When it becomes necessary to ask a guest to fill such a vacancy, the hostess will do best to explain the situation frankly, while the guest on his part need feel no slight at the lateness of his invitation. A clever woman always has several persons on whom she can rely for such emergencies and whose good nature she does not fail to reward.
THE LUNCHEON
All the rules that apply to the sending and receiving of invitations to a dinner prevail with regard to a luncheon. It is next in importance as a function, and the acceptance or declinature of a letter requesting that one should attend it must be promptly despatched.
In planning any social affair the hostess should think twice about asking together people who have for a long time lived in the same neighborhood or who are old residents of the city in any part but who are not apparently in the habit of seeing one another. Sometimes it is safer to ask one’s prospective guests outright if it will be agreeable for them to meet.

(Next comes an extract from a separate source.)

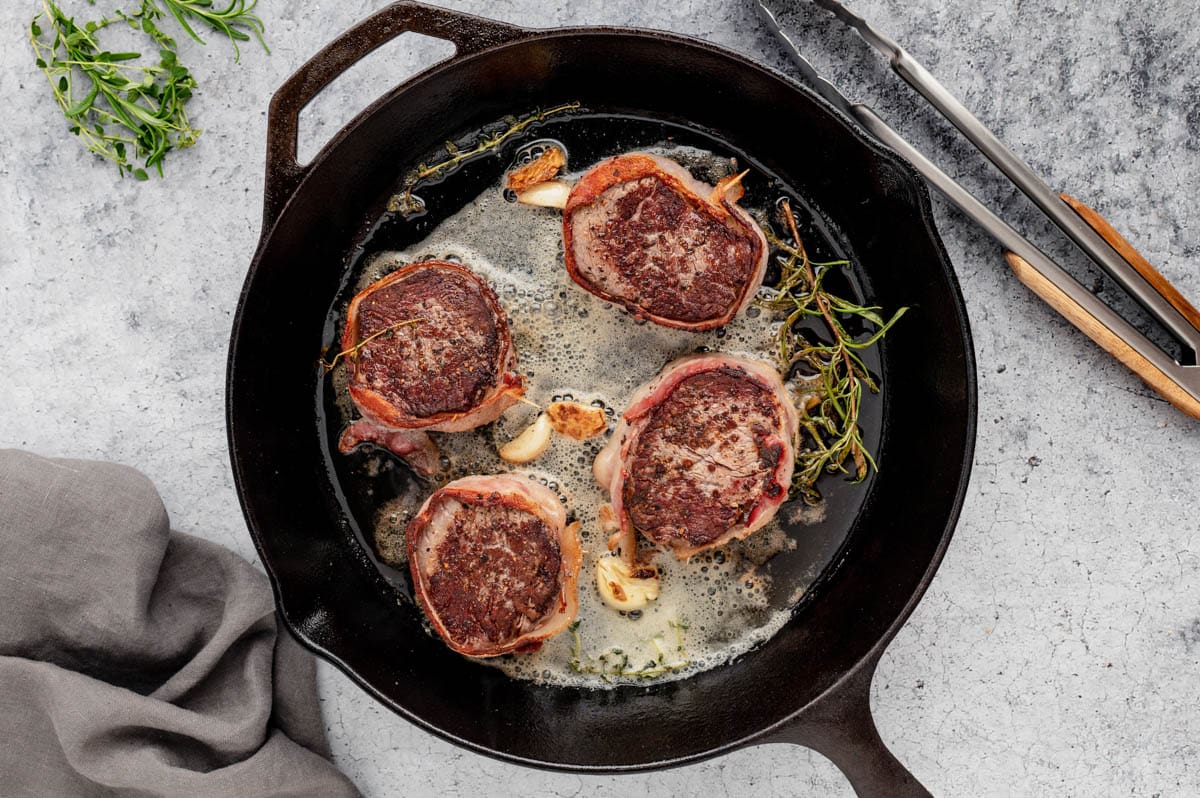 Bacon wrapped filet mignon steaks in a cast iron skillet with melted butter, garlic and fresh rosemary.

Before closing this chapter we should like to remind the possible guest that an invitation is intended as an honor. The function to which one is asked may be all that is most boring, and the flesh and spirit may shrink from attending it. But if one declines what is meant as a compliment, let one do so in a manner that shows one appreciates the honor intended. To decline as if the person extending the invitation were a bit presumptuous in giving it, or to accept in a condescending manner, is a lapse that shows a common strain under a recently-acquired polish. A thoroughbred accepts and declines all invitations as though he were honored by the attention. In doing so he shows himself worthy to receive any compliment that may under any circumstances be extended to him. Would that more of the strugglers up Society’s ladders would appreciate this truth!
If a woman wishes to give any other special form of entertainment than a dance, she writes the suitable word, “Music,” “Bridge,” “Garden-party,” etc., in place of the word “Dancing.”